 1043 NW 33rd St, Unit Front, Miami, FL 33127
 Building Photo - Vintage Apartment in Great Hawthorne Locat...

######

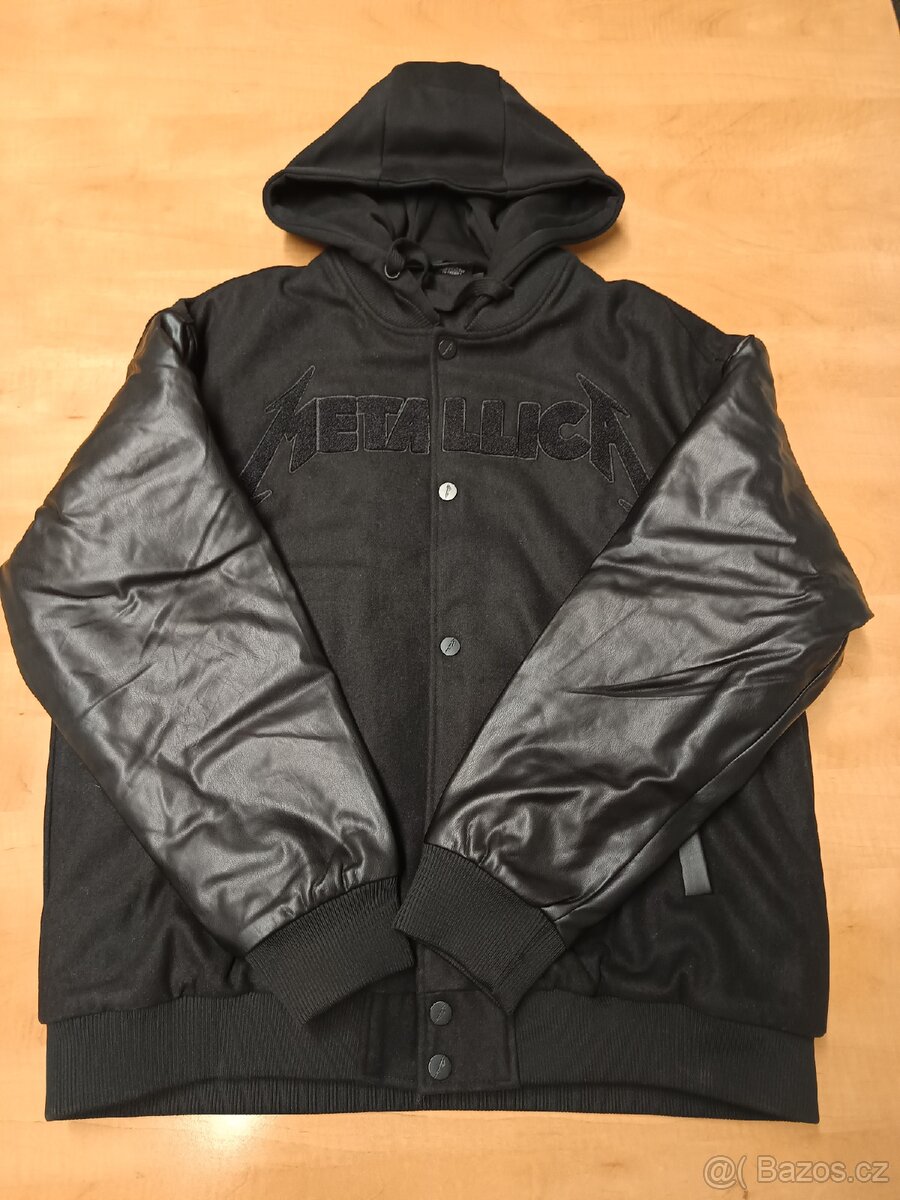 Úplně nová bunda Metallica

######

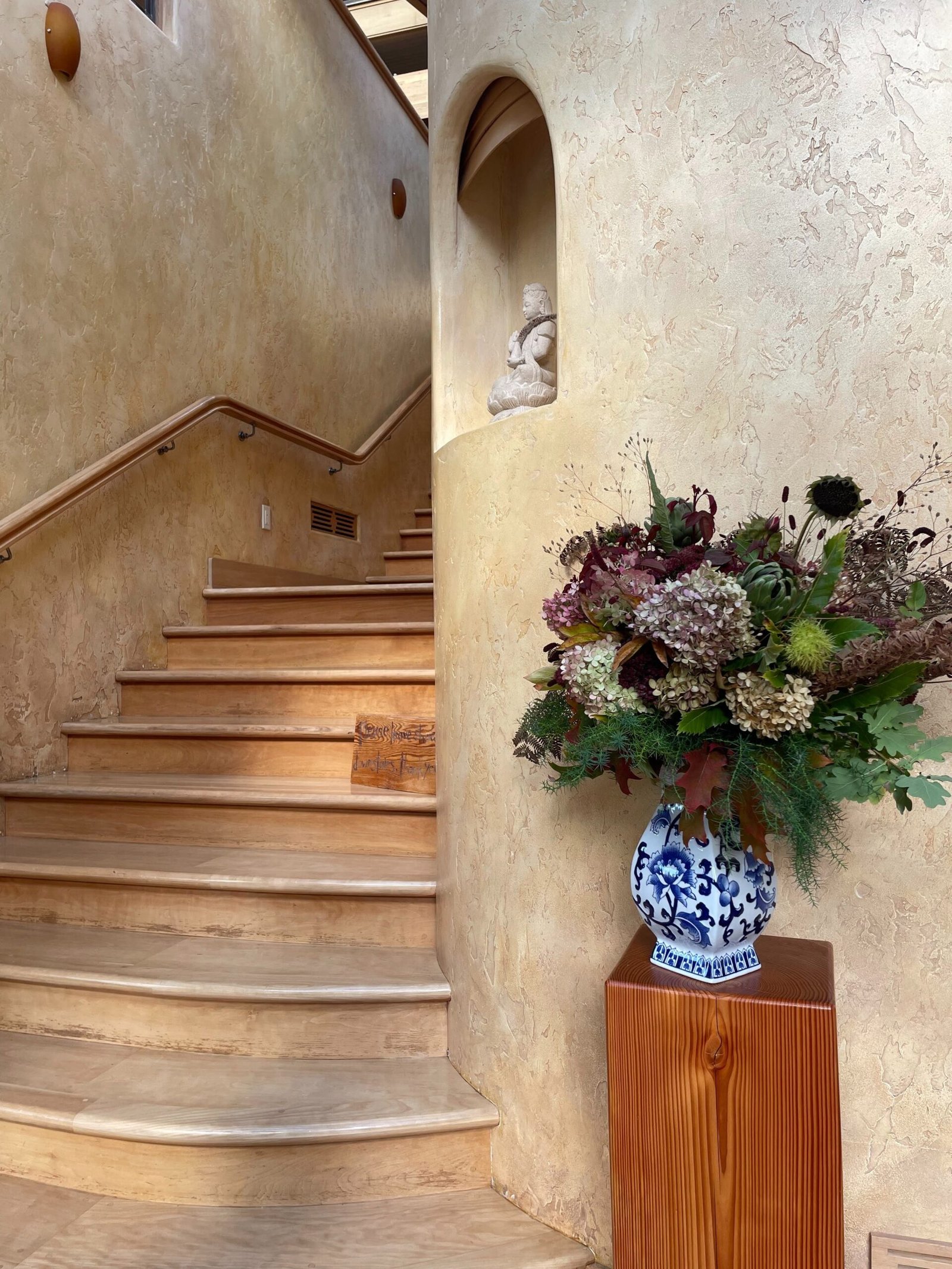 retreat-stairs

######

EXERCISE DETAILS: Above is a listing; print exactly its lines from the one with "1043 NW 33rd St, Unit Front, Miami, FL 33127" through the one with "Building Photo - Vintage", and no other lines.

SOLUTION:
 1043 NW 33rd St, Unit Front, Miami, FL 33127
 Building Photo - Vintage Apartment in Great Hawthorne Locat...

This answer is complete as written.